O filho mais novo de Da. Terta - Walter Moura Lins - morava em Recife e era baterista da orquestra da TV Jornal do Comércio, e aparecia tocando por partitura durante o programa Você Faz o Show, todos os domingos, para deleite de papai que ficava encantado com alguém que tocava bateria por partitura. Muitos anos depois (1986 - 1988) tive o prazer de ter Warter tocando no meu bar "El Paso" na revitalização da Rua do Bom Jesus.

Seo Acelino Brito costumava nos presentear com a raspa do tacho onde fabricava queijo de manteiga, ou com um prato fundo cheio de queijo quente, ainda derretido. Uma vez este presente chegou na hora do almoço, e mamãe desmanchou no fogo uma “lata” de goiabada com um copo de água e outro de vinho tinto. Inesquecível aquele sabor do queijo e da goiabada ainda quentes, como sobremesa.

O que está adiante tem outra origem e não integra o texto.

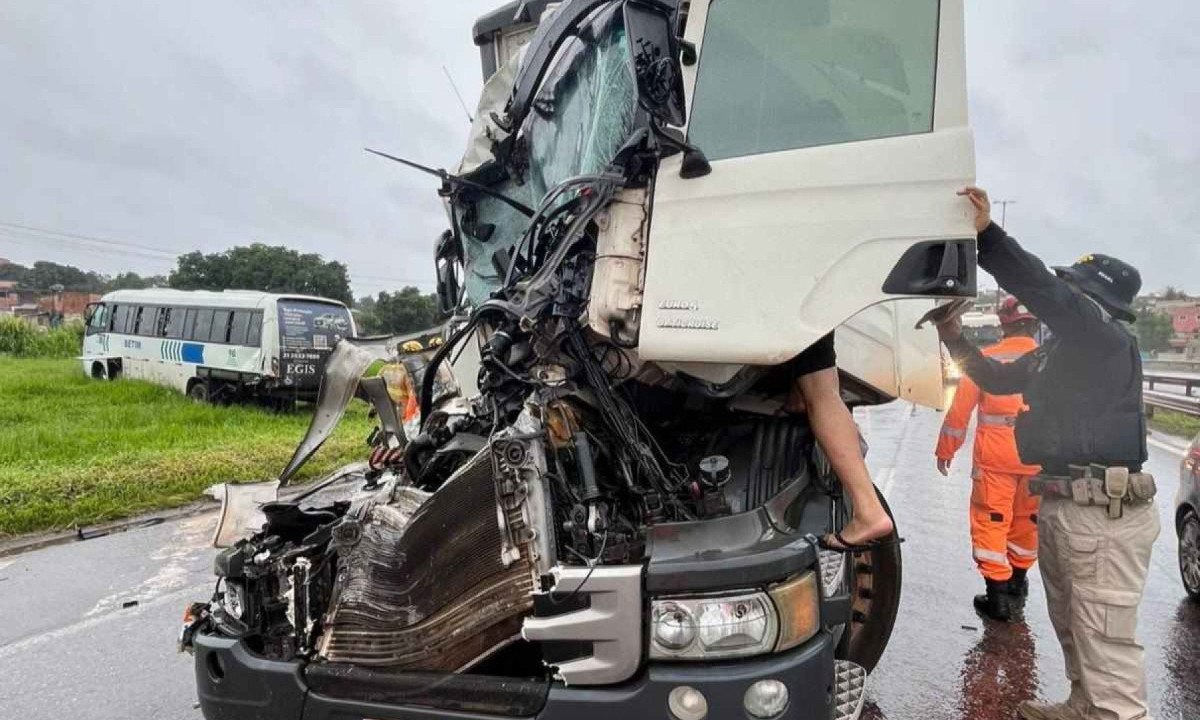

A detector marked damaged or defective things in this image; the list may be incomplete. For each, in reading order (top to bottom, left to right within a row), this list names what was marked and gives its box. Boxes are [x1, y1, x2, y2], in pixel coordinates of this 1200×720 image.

shattered windshield [460, 9, 636, 306]
destroyed truck cab [185, 1, 976, 720]
broken radiator [318, 450, 536, 668]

Seo Acelino e sua família eram um dos orgulhos da nossa cidade. Era um homem muito alto e forte, alvo e de cabelos grisalhos. Suas filhas eram lindas, com “maçãs do rosto” de causar inveja a qualquer Sophia Loren. Lembro de Adalgisa com sua pele cor de rosa, e de Maria, uma morena clara. Lembro ainda das caras das outras, mas não dos seus nomes. Os filhos homens eram muito fortes e corajosos. A casa da fazenda deles ficava ao lado do cemitério da cidade, e eles nos contavam que brincavam de esconder por entre as catacumbas. Só em saber disso eu já não dormia. Íamos algumas vezes até a fazenda deles, onde colhíamos mel de abelhas e andávamos a cavalo no pelo. Eram todos muito educados e fazem parte das melhores lembranças que guardo daquele tempo.

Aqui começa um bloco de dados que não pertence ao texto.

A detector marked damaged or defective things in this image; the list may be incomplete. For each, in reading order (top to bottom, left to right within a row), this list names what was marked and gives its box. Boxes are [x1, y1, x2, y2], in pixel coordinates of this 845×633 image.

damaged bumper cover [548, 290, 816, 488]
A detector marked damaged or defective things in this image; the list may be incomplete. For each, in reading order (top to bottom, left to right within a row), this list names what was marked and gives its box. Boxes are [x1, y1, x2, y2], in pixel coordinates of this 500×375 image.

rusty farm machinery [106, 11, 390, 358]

Aos 13 anos eu estava interno no Colégio Americano Batista daqui de Recife, e recebi de mamãe, por um portador, um grande pedaço de queijo de manteiga da fazenda de Seo Acelino. Acanhado, pois era um dos primeiros meses de internato, guardei o queijo no meu armário, que se destinava a produtos de higiene pessoal e material escolar.

Nos primeiros dias não lembrei de descer com o queijo para o café da manhã nem para o jantar. Abafado no armário, depois de uma semana o cheiro já não era dos melhores, e agora eu já não descia com ele por esse motivo. Os dias foram se passando e o mau cheiro aumentando no dormitório. Chegaram a desratizar todo o colégio achando que era rato morto e que poderia haver uma peste. Quando ameaçaram abrir todos os armários para descobrir do que se tratava, acordei de madrugada e joguei o queijo pela janela, caindo bem ao lado do refeitório. Na manhã seguinte foi o maior comentário: uns achavam que o fedor vinha daquele queijo que já estava ali mesmo; enquanto, outros, mais espertos, entenderam que alguém atirara o queijo do primeiro andar. Passei dias sem poder abrir meu armário com alguém por perto, até o mau cheiro desaparecer.

Éramos imensamente felizes naquela Umbuzeiro.